Voilà ce que c’est que de brusquer les choses, je me disais, moi qui ne savais plus quoi faire ; elle avait oublié ses projets, et réclamait que je donne un assaut, à cet endroit à ce moment, un assaut, un premier, elle le voulait, et disait Viens ! N’attends pas, Daniel, allez, allez viens !, elle traînait les mots comme des baisers, de longs baisers de soupirs, toujours, mais elle martelait, c’était des invectives, c’est vrai, des invectives de voix brisée, ouais Nadine s’étranglait à force, à se répéter simple son envie. Alors j’y allai, je me levai, je tirai sur le pagne d’éponge, elle me regardait faire, elle dit Ah ouais, viens, c’est ça que je veux, je veux qu’tu m’la mettes ! Mets-là ! Et je stoppai.
***
C’était un jadis de maladie, ces jours-là d’alors. Des campagnes de prophylaxie décoraient les murs de ma ville depuis deux dizaines d’années et, sur ceux de l’hôpital, partout, alors même qu’on n’avait pas le droit de baiser, on avait affiché qu’il fallait se couvrir la pine de capotes quand on montait au front sous peine de crever, on prévenait, c’est ainsi qu’avant tout on parlait de baise sur le continent. Nous, à Pescalune, on n’y avait pas droit, à la baise, mais on nous prévenait quand même, au cas où. Certains subversifs du corps soignant nous filaient même en douce des caoutchoucs piège-microbes pour aller plus loin dans le débat d’idée – il faut dire que là-bas, à l’hôpital, ceux qui bandaient encore manquaient pas d’attraper celles qui avaient l’envie, ça faisait peu de monde, mais on en trouvait. Il y avait aussi ceux qui avaient de la visite, et profitaient de voluptés bien planqués à l’abri des portes verrouillées des gogues pour handicapés, des grands box. C’était le jadis d’une maladie qu’on ne soignait pas, ce jadis, on crevait, on prévenait qu’on allait crever, partout on affichait, on parlait de culbute, de valseur à risque, on donnait des détails, de toutes les manières on prévenait, on militait pour la vie, des sodomites compris et déviants de tout poil, on n’avait pas le droit à l’erreur. Moi je m’en étais bien foutu de ces idées morbides, pendant des années, et je n’étais pas seul, pas mal de gens s’en étaient bien foutus, à force d’être prévenus et qu’il ne leur arrive rien. Ce qu’il y a, c’est qu’on avait vu des morts, dans un premier temps, on en avait connu, c’est vrai, des mecs qui étaient morts vite et bête et moche, maigre, d’une maladie inconnue. Plus tard, on savait mais les gens continuaient à crever parce que, on savait l’ennemi, mais on n’avait pas d’arme.
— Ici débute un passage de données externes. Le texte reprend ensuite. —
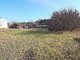 Land for sale Panevėžyje, Centre (3 picture)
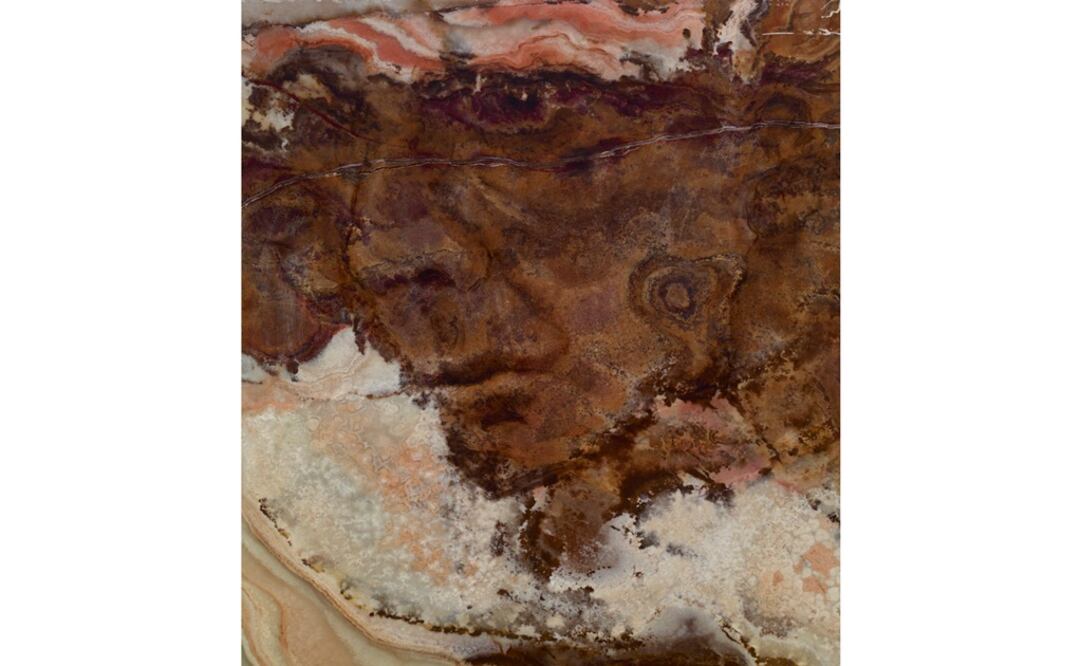 Fotografía: Cortesía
Plus tard encore, on avait pas trouvé de fusil mais on maintenait en vie les moribonds pendant longtemps, assez longtemps pour que cet horizon-là dépasse de loin celui de mecs qui n’avaient pas cette maladie mais qui ne voyaient pas aussi loin. Alors on avait cessé d’avoir peur et on s’était mis à s’en foutre, de toutes ces conneries : c’est qu’on avait assez d’entendre causer de mort au moment de se frotter sa vie contre la vie, c’est que c’est quelque chose, de se choisir une fin. Et on s’était habitué, il n’y avait plus de défi, on y allait plus vite par nos propres moyens, des moyens légitimes tout de même.
***
Mais voilà, je ne sais pas pourquoi, ce soir-là, j’avais le sexe nu, devant moi les dilatations de Nadine, et ses invitations, je regardai tout, quelques secondes, tous ces sangs qui s’attendaient, qui s’attiraient fort, je prenais un temps que Nadine trouvait long, elle poussait sur son cul par à-coups comme si j’étais déjà dans le ventre, je faisais languir, elle dit Mais qu’est ce que t’attends, Danny, qu’est-ce que t’attends, merde ! Allez ! Allez mets-la ! Mets-la ! Elle insistait, elle voulait, et moi j’avais ces histoires de maladies en tête, ces histoires revenues. Mais j’y allai, d’un coup. Je lâchai tout. C’était fini.
md, Les histoires revenues, extrait.